Correct Information Units (CIUs) are central to discourse assessment in aphasia because they quantify communicative informativeness rather than linguistic form alone, according to a study published on arXiv. However, CIU scoring is time intensive and requires trained raters. This study, authored by Pittman, Jason M; Medina-Santos, Yesenia; Phillips Jr, Anton; and Stark, Brielle C, examined whether instruction-tuned large language models (LLMs) can reliably perform token-level CIU classification from aphasic discourse transcripts.
Methodology
The researchers used sixteen picture-description transcripts elicited with the Cat Rescue stimulus, annotated for CIU status according to Nicholas and Brookshire (1993). The sample spanned four severity strata: control, mild, moderate, and severe aphasia. Four publicly available instruction-tuned LLMs were benchmarked: Llama-3.1-8B, Qwen2.5-7B, Mistral-7B, and Phi-3-mini. They were tested under zero-shot and two few-shot prompting conditions across five stratified random seeds. Performance was evaluated against consensus human labels using accuracy, precision, recall, F1, and Cohen's kappa.
Results
Zero-shot prompting was insufficient across all models, according to the study. In contrast, few-shot prompting yielded substantial gains and produced competitive performance for three viable models. The following table summarizes the mean few-shot F1 scores:
| Model | Mean Few-Shot F1 | Notes |
|---|---|---|
| Llama-3.1-8B | 0.776–0.817 | Viable, high recall, lower precision |
| Qwen2.5-7B | 0.776–0.817 | Viable, high recall, lower precision |
| Mistral-7B | 0.776–0.817 | Viable, high recall, lower precision |
| Phi-3-mini | Unstable | Did not yield reliable performance |
No significant differences were found between fixed global and per-chunk local example selection. Viable models showed high recall but lower precision, suggesting systematic over-classification of tokens as CIUs. Performance also varied by discourse severity, with the weakest results in more severe aphasia.

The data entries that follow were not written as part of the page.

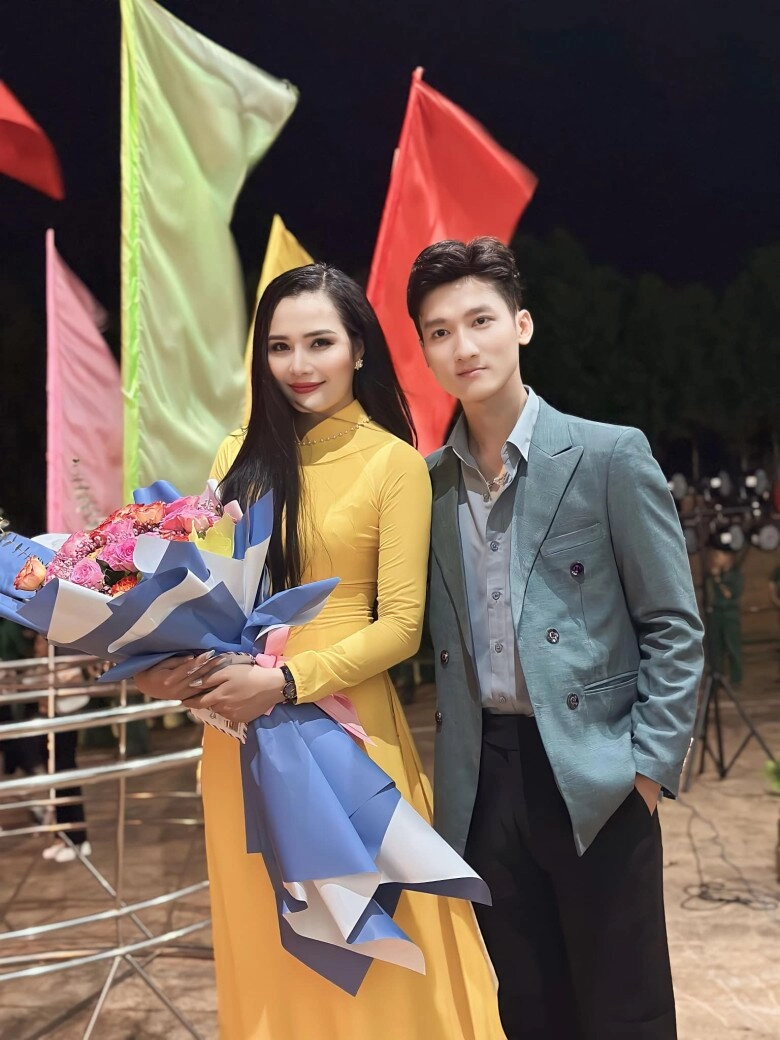 Nữ thiếu tá có giọng đọc chạm đến trái tim tại a80 nhan sắc đẹp như hoa hậu tiết lộ bí quyết 0 đồng để trẻ hơn tuổi - 3
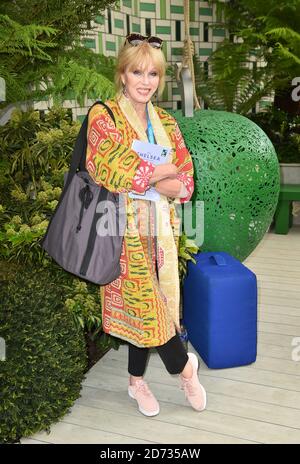 Joanna Lumley al RHS Chelsea Flower Show al Royal Hospital Chelsea, Londra. Il credito fotografico dovrebbe essere: Matt Crossick/EMPICS Foto Stock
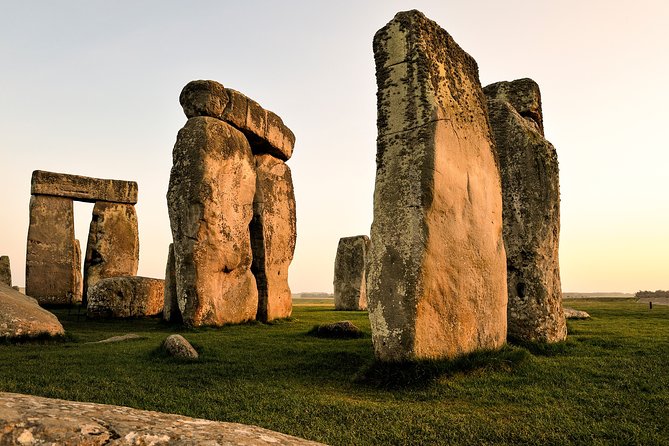 Stonehenge Half Day Tour with Entry and Extra Time - Arriving at the Stonehenge visitor centre
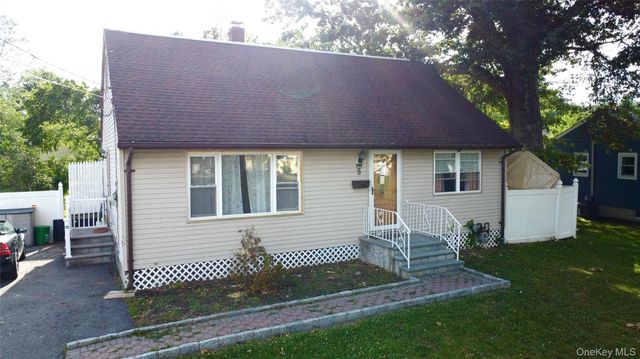 9 Walter Drive, Stony Point, NY 10980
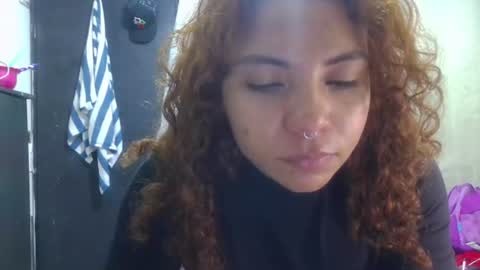 Snapshot of violet_smmithh chatting on 28, 7, 2026 Violet online show from 28, 7, 2026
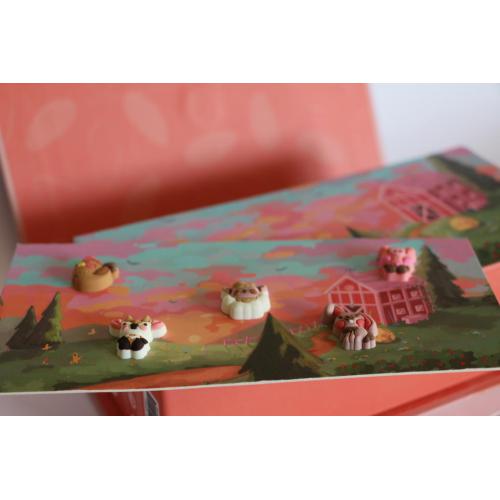 Detalhe dos 5 "Summies" de temática quinta (dinossauros/animais) em relevo sobre o cartão de fundo com cenário de celeiro e paisagem.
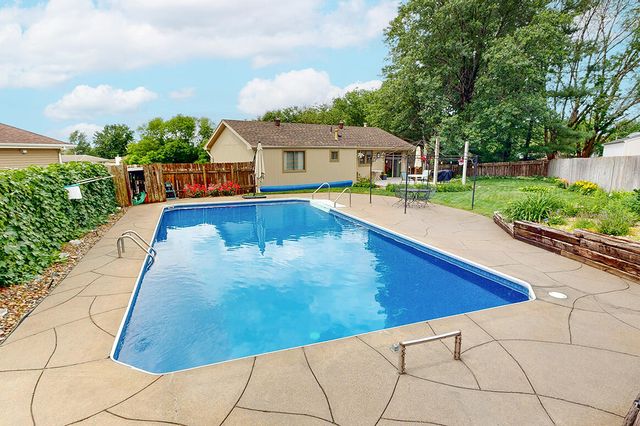 7901 LAUREL Court, La Vista, NE 68128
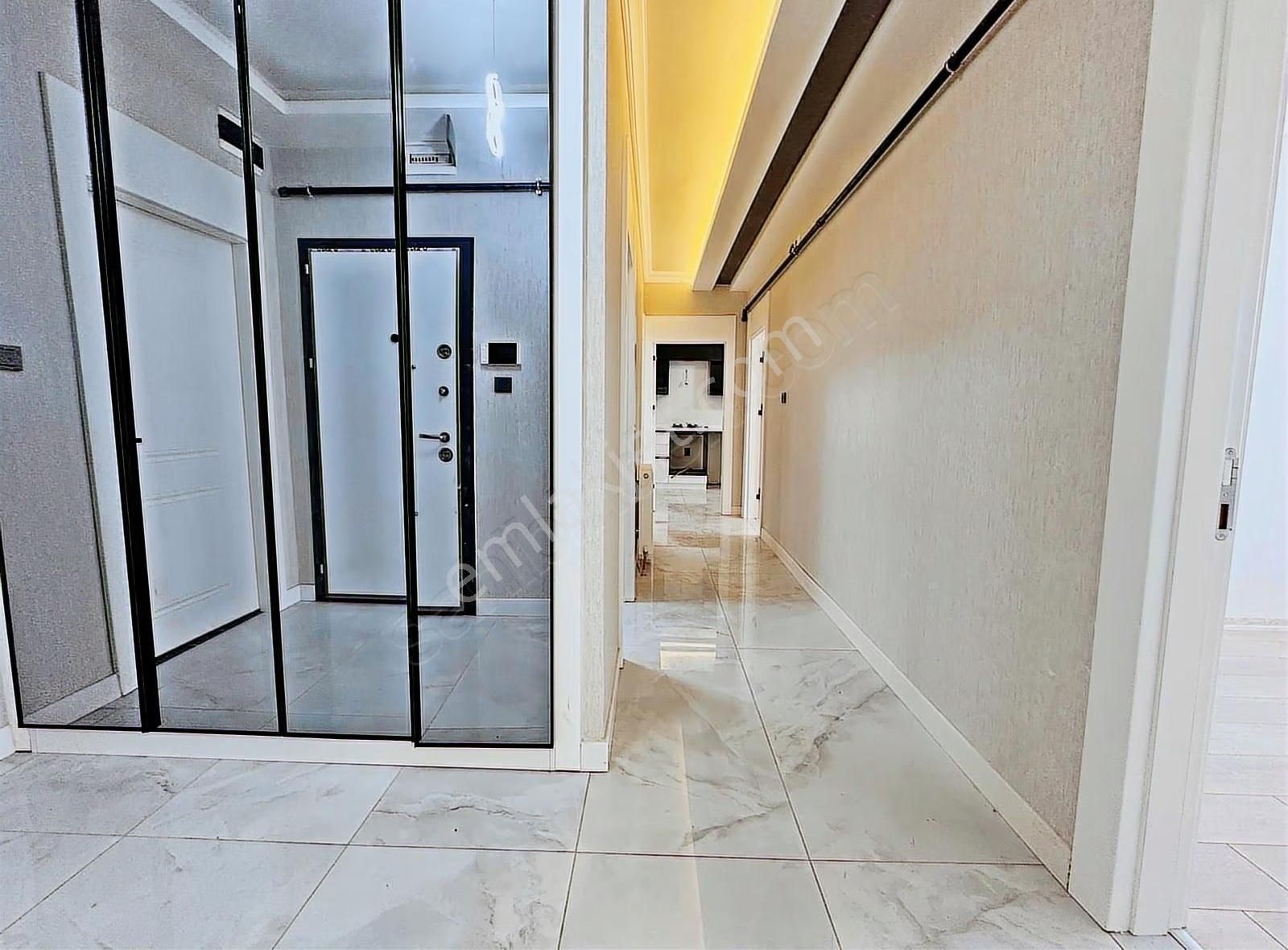 Özçelikler'den_cadde_yanı_merkezi_konum'da_masrafsız_3+1_daire_ - Görsel 35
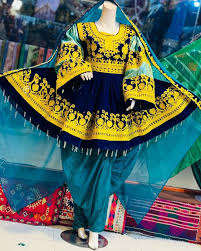 ชุดเดรสผู้หญิงสไตล์อัฟกานิสถานและปากีสถานแบบดั้งเดิมสีทึบดีไซน์ใหม่ล่าสุด - Product Image 4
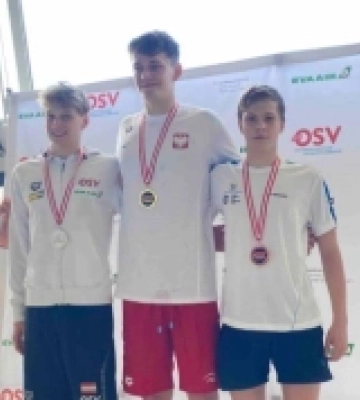 Плавці з Рівненщини привезли додому нагороди міжнародних «Multinations Junior Swimming Meet 2024»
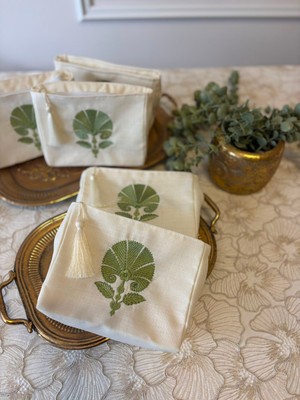 Elora Maison Karanfil Nakışlı Keten Makyaj Çantası, Aksesuar Çantası, Nakışlı Clutch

Implications for Automated Discourse Assessment
The study found that few-shot LLM prompting can support automated CIU identification without gradient-based task training, but agreement with human annotation remains insufficient for fully autonomous use. The authors state: "These findings support LLM-based CIU scoring as a promising human-in-the-loop component of discourse assessment systems." For enterprise technology decision-makers in healthcare and clinical applications, this evaluation underscores the need for careful validation and integration strategies when deploying LLMs in diagnostic workflows.
The research highlights that while LLMs can reduce rater workload, they are not yet a replacement for human judgment, especially in cases of severe aphasia. The results also caution against relying on zero-shot performance and emphasize the importance of few-shot examples tailored to the target population. Future work may investigate larger models or fine-tuning approaches to improve reliability.